Of course not, its only a simulation of a model. The data necessary to store all physical attributes including every atom and sub-atomar particles would not fit on any hard disk in the world. The result is nonetheless pretty amazing.
I dont know anything about rendering or simulations, but would this method be possible for real time rendering? or is it only applicable for offline rendered stuff (like movie sfx)?
If we assume 5 minutes per frame then even without optimizations we should be able to render 25 frames per second in around 15 years (assuming Moore's law continues to hold)
Frequency increases haven't held. Strictly, Moore's Law is about transistor density - and it's holding so far.
Relevant here is the corollary, that transistors per unit cost doubles every 1.5 years (also held), which in 5 years is approx x10 (10.0793684), so x1,000 in 15 years.
Assuming this simulation is largely parallelizable (likely, because matter acts locally), then for whatever the hardware it ran on cost, in 15 years it should take 5 * 60/1000= .3 seconds per frame (not 0.04s, for 25 fps). In 20 years, it would be .03s (33 fps). But consider that fakey shortcuts that look OK will be assiduously sought.

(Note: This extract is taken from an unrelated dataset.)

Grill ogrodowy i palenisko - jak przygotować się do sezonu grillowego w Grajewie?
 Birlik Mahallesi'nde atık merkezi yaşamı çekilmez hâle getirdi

Moore's Law (and especially this corollary) have a few years left, but maybe not 15 years... However, I'm optimistic about another technology taking over (as has happened previously). There's plenty of scope, considering what brains and cellular machinery can do. (I think the quantum stuff is BS. Probably.)

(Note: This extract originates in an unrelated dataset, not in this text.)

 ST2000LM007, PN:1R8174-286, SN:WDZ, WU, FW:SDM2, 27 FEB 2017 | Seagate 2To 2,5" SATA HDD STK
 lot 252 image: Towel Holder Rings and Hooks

I know very little about it too, but I think advances in video game visuals have shown that it's really just a matter of time. Check out Uncharted 3's real-time dynamic water effects: http://www.youtube.com/watch?v=BhzMR-vxYIk (Skip to about 2:50)
I noticed some moments in that video where a flashing controller button appeared in the corner. Does that mean the player has to mash the button to continue? I hate games that do that. Why do game makers do that?
I suppose it makes you feel more involved, rather than just watching a bunch of cool cutscenes that you have nothing to do with (common in stylish Japanese RPGs like Devil May Cry, etc)
I don't know how complex the computations are, but if it's close to the computing required by standard loose-accuracy water fluid simulation, we could certainly see it in-game, definitely possible even for this gen of consoles. I speculate as water simulations is quite doable even on 5 year old hardware, though tends to be inaccurate. I remember seeing some Nvidia demos showcases things like softbody destruction and collisions a few years back too, so that also could translate.
There are also some really rough tessellation techniques in use to simulate ground snow walking in games out now, like that Assassins Creed with the native americans.
Yep, but I'd qualify that: The demo seems to show wet snow (snowball snow) only. There are a few other types that happen around here, like dry snow, and crystallized snow. Dry snow is light fluffy stuff that doesn't pack. And crystallized snow is made of what feels like little daggers, behaving almost like ball bearings. But still, their result is brilliant!
As a CS major this fascinates me to no end, but reading the paper the physics are a bit much for my brain to handle. Can any physics-inclined people here recommend me some good books/papers so I can learn more and hopefully make more sense of this?
Except that, if it was what they wanted, then it's hard to explain the walking character at 3:30 that gets his legs almost trapped in the soft heavy melting snow.
There's just no way that you'd get that kind of effect with that kind of snow. It looks more like the kind of thing that you'd get from non-uniform snow that has a crust on top (and that kind of snow is not sticky and not melting).
The simulation method used is Material Point Method, a technical that is used in engineering simulation but hasn't really been used much in Visual Effects. This will likely change now that there are these impressive results.
The one issue I've seen people in the industry mention about this paper is that the the simulation times are quite long.